What you have to do. Type out the entries again, keeping every word unchanged.

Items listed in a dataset
○ ○ ○ ○ ○ ○ ○

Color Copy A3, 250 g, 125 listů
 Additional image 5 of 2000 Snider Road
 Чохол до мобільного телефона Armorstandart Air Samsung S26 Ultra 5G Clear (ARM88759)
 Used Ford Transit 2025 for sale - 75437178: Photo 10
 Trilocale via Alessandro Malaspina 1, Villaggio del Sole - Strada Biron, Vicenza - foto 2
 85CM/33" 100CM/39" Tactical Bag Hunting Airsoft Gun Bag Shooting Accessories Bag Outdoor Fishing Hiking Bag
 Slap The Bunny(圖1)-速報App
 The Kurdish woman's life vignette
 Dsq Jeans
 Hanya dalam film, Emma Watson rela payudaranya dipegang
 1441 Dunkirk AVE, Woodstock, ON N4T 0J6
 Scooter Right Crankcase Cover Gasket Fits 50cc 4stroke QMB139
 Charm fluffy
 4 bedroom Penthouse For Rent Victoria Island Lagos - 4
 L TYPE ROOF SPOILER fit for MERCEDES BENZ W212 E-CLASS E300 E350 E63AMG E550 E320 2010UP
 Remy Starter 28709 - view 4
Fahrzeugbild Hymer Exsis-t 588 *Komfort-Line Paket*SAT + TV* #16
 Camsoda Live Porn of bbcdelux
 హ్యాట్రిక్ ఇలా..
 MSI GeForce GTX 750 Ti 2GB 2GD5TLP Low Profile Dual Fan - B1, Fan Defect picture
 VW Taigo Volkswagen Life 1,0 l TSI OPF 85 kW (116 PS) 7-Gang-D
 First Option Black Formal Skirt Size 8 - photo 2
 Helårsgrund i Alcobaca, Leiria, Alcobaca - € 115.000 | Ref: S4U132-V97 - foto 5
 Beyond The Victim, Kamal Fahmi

○ ○ ○ ○ ○ ○ ○

Written solution.
Color Copy A3, 250 g, 125 listů
 Additional image 5 of 2000 Snider Road
 Чохол до мобільного телефона Armorstandart Air Samsung S26 Ultra 5G Clear (ARM88759)
 Used Ford Transit 2025 for sale - 75437178: Photo 10
 Trilocale via Alessandro Malaspina 1, Villaggio del Sole - Strada Biron, Vicenza - foto 2
 85CM/33" 100CM/39" Tactical Bag Hunting Airsoft Gun Bag Shooting Accessories Bag Outdoor Fishing Hiking Bag
 Slap The Bunny(圖1)-速報App
 The Kurdish woman's life vignette
 Dsq Jeans
 Hanya dalam film, Emma Watson rela payudaranya dipegang
 1441 Dunkirk AVE, Woodstock, ON N4T 0J6
 Scooter Right Crankcase Cover Gasket Fits 50cc 4stroke QMB139
 Charm fluffy
 4 bedroom Penthouse For Rent Victoria Island Lagos - 4
 L TYPE ROOF SPOILER fit for MERCEDES BENZ W212 E-CLASS E300 E350 E63AMG E550 E320 2010UP
 Remy Starter 28709 - view 4
Fahrzeugbild Hymer Exsis-t 588 *Komfort-Line Paket*SAT + TV* #16
 Camsoda Live Porn of bbcdelux
 హ్యాట్రిక్ ఇలా..
 MSI GeForce GTX 750 Ti 2GB 2GD5TLP Low Profile Dual Fan - B1, Fan Defect picture
 VW Taigo Volkswagen Life 1,0 l TSI OPF 85 kW (116 PS) 7-Gang-D
 First Option Black Formal Skirt Size 8 - photo 2
 Helårsgrund i Alcobaca, Leiria, Alcobaca - € 115.000 | Ref: S4U132-V97 - foto 5
 Beyond The Victim, Kamal Fahmi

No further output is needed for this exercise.